Novo provimento da OAB adapta escritórios ao novo Código Civil

A Ordem dos Advogados do Brasil (OAB) aprovou e publicou na semana passada o Provimento nº 112, de 2006, que regula as sociedades de advogados. O texto, que substitui o Provimento nº 92, de 2000, institui algumas novidades, como a polêmica aceitação do "&" - ou o "E" comercial - nos nomes dos escritórios.
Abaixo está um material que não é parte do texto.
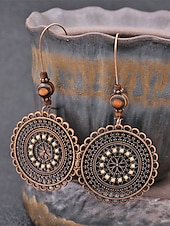 olcso Női fülbevaló-Női ötvözetből és fából készült kerek fülbevalók, vintage bohém mandala dizájn, könnyed, mutatós stílus, tökéletesek hétköznapi viseletre, tengerparti nyaraláshoz és nyári szettekhez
Era um tabu combatido por grandes bancas há anos e que simbolizava a resistência da Ordem em aceitar os escritórios como empresas.A advogada Clemencia Beatriz Wolthers, das comissões de sociedades de advogados do conselho federal e da seccional paulista da OAB, explica que o argumento que convenceu a entidade foi a popularização do "&" internacionalmente, especialmente entre escritórios de língua inglesa. "O conselho se convenceu de que não era o uso desse símbolo que daria a conotação comercial", diz.O novo provimento da OAB trouxe outras mudanças, menos curiosas porém mais importantes para o dia-a-dia dos advogados. As novas regras detalham a forma de adaptação das sociedades de advogados ao novo Código Civil, de 2002. Enquanto este exige maioria absoluta e até unanimidade dos sócios para a alteração do contrato social, o novo provimento da Ordem exige apenas a maioria simples do capital social, mas deixa livre os contratos sociais para exigirem quórum especial em assuntos que forem considerados importantes.Segundo Clemencia, pelo Código Civil, mudanças simples ficariam inviabilizadas nas grandes bancas, algumas com mais de 60 sócios, muitos em Estados diferentes. Para esses escritórios que atuam em diferentes regiões, o novo provimento prevê também que somente os sócios que atuarão nessas filiais precisem ter inscrição nas respectivas seccionais da OAB e pagar a anuidade extra correspondente, e não mais todos os sócios da banca, como é hoje.O provimento também deixou claro que a responsabilidade ilimitada dos sócios vale apenas nos danos causados a clientes. Nos administrativos, como o recolhimento de impostos, valem as regras das demais sociedades regidas pelo Código Civil - primeiro responde a sociedade, depois os sócios. A OAB criou ainda a cota de serviço, em alternativa à patrimonial, com possibilidade de votos diferenciados em certas questões, e deu prazo de 180 dias para a recomposição das sociedades nos casos de mudanças nos quadros, como nos de falecimento ou saída de algum sócio. Para se adaptar às mudanças previstas no provimento, os escritórios têm o prazo de um ano.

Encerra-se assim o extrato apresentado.